Where the material below has a line containing "Toyota Sienna 2024", start repeating exactly, and keep going through the line containing "Tambuli Seaside And By Isla 2 Aparthotel 3*", with no other lines.

#### THE INPUT
-.-.-

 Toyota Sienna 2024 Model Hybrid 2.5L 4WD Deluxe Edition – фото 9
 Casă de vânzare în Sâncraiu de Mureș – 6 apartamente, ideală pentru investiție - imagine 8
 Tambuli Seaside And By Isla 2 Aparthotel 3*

-.-.-

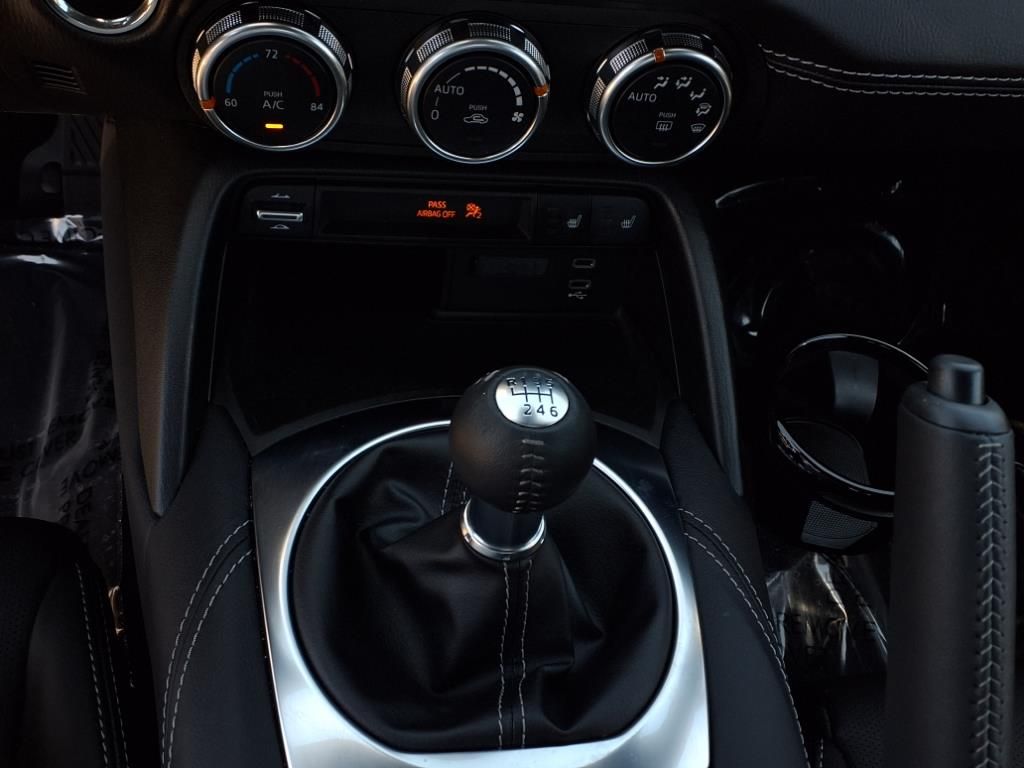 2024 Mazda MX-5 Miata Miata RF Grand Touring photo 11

-.-.-

#### WRITTEN SOLUTION
 Toyota Sienna 2024 Model Hybrid 2.5L 4WD Deluxe Edition – фото 9
 Casă de vânzare în Sâncraiu de Mureș – 6 apartamente, ideală pentru investiție - imagine 8
 Tambuli Seaside And By Isla 2 Aparthotel 3*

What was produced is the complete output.